Blog

Fundament en gebouw

 

...opdat uw geloof niet zou rusten op wijsheid van mensen, maar op kracht van God

1 Korintiërs 2: 5

Gods bouwwerk zijt gij

1 Korintiërs 3: 9c

Weet u nog van dat Londense flatgebouw waar een tijd geleden zo'n afschuwelijke brand woedde? Een heel flatgebouw brandde volledig uit. Er bleef niets van over. Nu had die flat er waarschijnlijk al vele jaren gestaan. Al die tijd stond hij als een machtig blok steen recht overeind. Niemand die had gedacht dat dat gebouw zo snel helemaal in de as gelegd zou kunnen worden. Pas na de brand werd bekend dat er een bouwmateriaal was gebruikt dat heel gemakkelijk brandbaar is. Hadden ze dat maar van tevoren geweten...

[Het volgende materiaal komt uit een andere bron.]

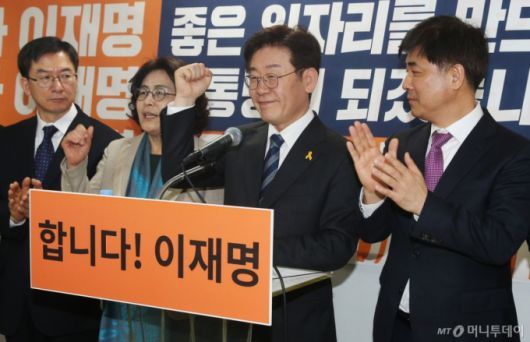 더불어민주당 대선주자인 이재명 성남시장이 3일 오후 서울 여의도 캠프 사무실에서 비정규직 제도 개선과 노동권 강화 등을 골자로한 '일자리 정책'을 발표하고 있다. /사진=이동훈 기자 photoguy@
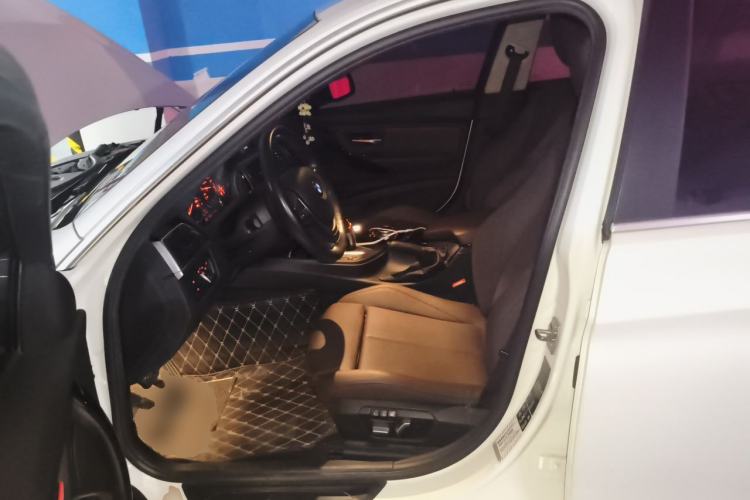 Used BMW 3 Series 2019 320Li xDrive Fashion Model Left Front Seat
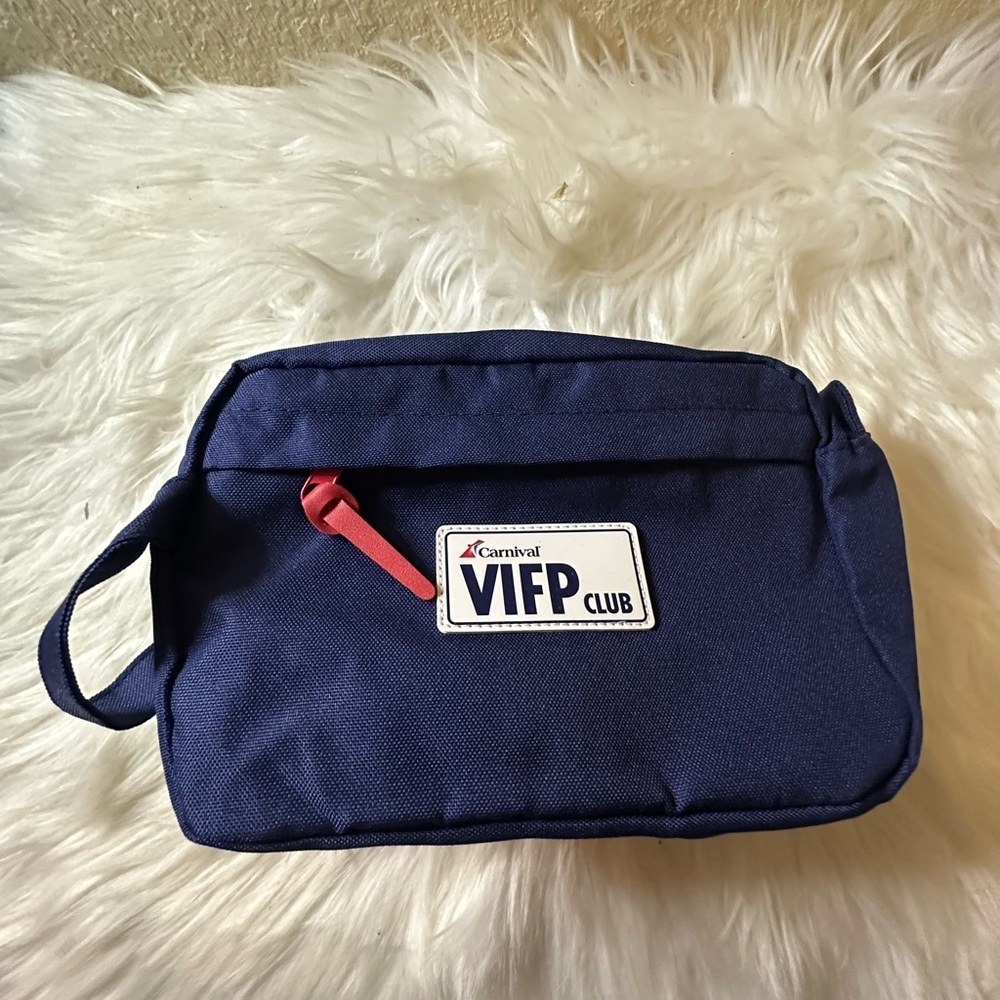 🩷5/$10 VIFP Club Navy Blue Men's Bag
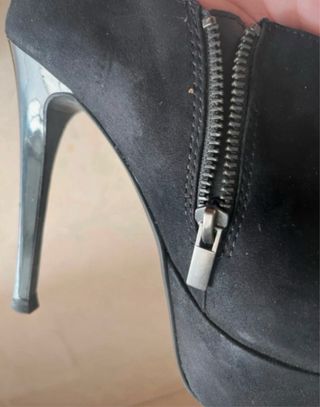 Botines negros plataforma tacón, muy cómodos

Een dergelijk beeld gebruikt Paulus in zijn eerste brief aan de Korintiërs. Het gebouw is het beeld dat hij gebruikt voor de gemeente van God. Zelf heeft hij als een kundig bouwmeester het fundament gelegd. Anderen bouwen daarop voort. Maar er kan met verschillende materialen gebouwd worden: goud, zilver, kostbaar gesteente, hout, hooi of stro. Er zal een dag komen waarop ieders werk aan het licht zal komen. Dat zal worden uitgemaakt door vuur. Het is net als in Londen vorige maand. Maar er is ook een verschil. Wie met brandbaar materiaal gewerkt heeft, zal wel schade lijden, maar zelf zal hij gered worden als door vuur heen.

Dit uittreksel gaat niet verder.